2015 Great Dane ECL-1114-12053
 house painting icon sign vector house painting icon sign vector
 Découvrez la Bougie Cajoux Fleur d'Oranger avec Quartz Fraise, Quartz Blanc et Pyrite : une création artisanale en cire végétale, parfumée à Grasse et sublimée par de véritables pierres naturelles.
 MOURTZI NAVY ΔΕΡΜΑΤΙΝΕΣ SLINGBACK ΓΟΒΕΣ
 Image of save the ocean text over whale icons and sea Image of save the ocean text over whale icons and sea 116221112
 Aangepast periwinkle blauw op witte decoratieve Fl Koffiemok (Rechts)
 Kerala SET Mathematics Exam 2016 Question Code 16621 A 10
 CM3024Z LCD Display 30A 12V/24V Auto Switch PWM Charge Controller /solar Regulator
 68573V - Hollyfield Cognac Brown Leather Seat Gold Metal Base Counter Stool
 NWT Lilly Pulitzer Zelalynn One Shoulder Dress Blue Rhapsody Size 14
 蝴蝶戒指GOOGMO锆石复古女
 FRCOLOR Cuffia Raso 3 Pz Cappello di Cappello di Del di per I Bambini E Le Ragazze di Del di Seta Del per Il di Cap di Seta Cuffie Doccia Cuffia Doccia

■ ■ ■ ■

### Your goal
Retype the records above in full, exactly as they appear.

### Written solution
2015 Great Dane ECL-1114-12053
 house painting icon sign vector house painting icon sign vector
 Découvrez la Bougie Cajoux Fleur d'Oranger avec Quartz Fraise, Quartz Blanc et Pyrite : une création artisanale en cire végétale, parfumée à Grasse et sublimée par de véritables pierres naturelles.
 MOURTZI NAVY ΔΕΡΜΑΤΙΝΕΣ SLINGBACK ΓΟΒΕΣ
 Image of save the ocean text over whale icons and sea Image of save the ocean text over whale icons and sea 116221112
 Aangepast periwinkle blauw op witte decoratieve Fl Koffiemok (Rechts)
 Kerala SET Mathematics Exam 2016 Question Code 16621 A 10
 CM3024Z LCD Display 30A 12V/24V Auto Switch PWM Charge Controller /solar Regulator
 68573V - Hollyfield Cognac Brown Leather Seat Gold Metal Base Counter Stool
 NWT Lilly Pulitzer Zelalynn One Shoulder Dress Blue Rhapsody Size 14
 蝴蝶戒指GOOGMO锆石复古女
 FRCOLOR Cuffia Raso 3 Pz Cappello di Cappello di Del di per I Bambini E Le Ragazze di Del di Seta Del per Il di Cap di Seta Cuffie Doccia Cuffia Doccia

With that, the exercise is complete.